Within seconds of pressing play on Decades Late’s “On a Dream,” listeners are transported through a temporal wormhole. The “thunderous wall of guitars and pounding drums” that introduces the track doesn’t merely reference ’90s alternative rock—it resurrects it with startling authenticity. Yet what follows transcends simple nostalgia mining.
As frontman Andre Delaroche intones “Waking early from a dream/I heard the words it was hard to believe,” the Brooklyn outfit establishes the song’s central tension between unconscious revelation and conscious denial. This liminal space between dreaming and waking becomes the perfect metaphor for a band that exists between musical eras, drawing from past sounds while addressing present concerns.

The lyrical structure follows a deteriorating relationship through dream imagery, with lines like “And then the rain started pouring down/And then you burned it to the ground” conjuring both environmental and interpersonal collapse. This duality feels intentional from a group whose latest EP tackles “climate instability, rising autocracy, and the erosion of civil liberties.” The personal becomes political, just as it did in the alternative rock heyday they channel.
Musically, “On a Dream” showcases the band’s seasoned lineup to full effect. David Butler (whose credits include Guster and Lee “Scratch” Perry) provides propulsive percussion that prevents the 12-string guitar richness from becoming merely atmospheric. Meanwhile, Brett Bass (formerly with Gregg Allman) creates the foundational groove that anchors the track’s emotional journey from devastation to cautious hope.
What distinguishes Decades Late from other ’90s revivalists is their refusal to simply recreate. Working with producer-engineer Reed Black at Vinegar Hill Sound, they’ve captured the analog warmth of their influences while introducing contemporary production techniques that prevent the song from feeling like a museum piece.

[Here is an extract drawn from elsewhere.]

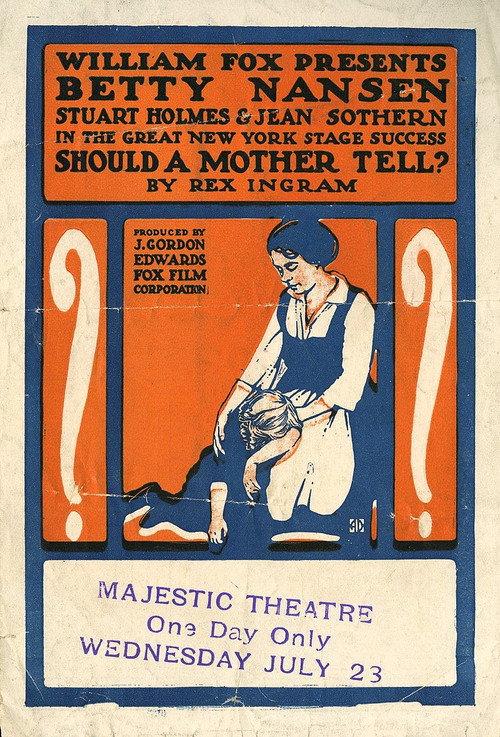 Should a Mother Tell 1915 official movie poster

The “crescendo of dueling guitar solos” that propels the track toward its conclusion feels earned rather than obligatory.
“On a Dream” arrives as the centerpiece of “Second Take” (released April 20, 2025), representing an evolution from both their debut LP “Double Appropriation” and the acoustic-forward “Urban Grass” EP. Through this progression, Decades Late demonstrates that musical nostalgia can be more than mere remembrance—it can be resurrection with purpose.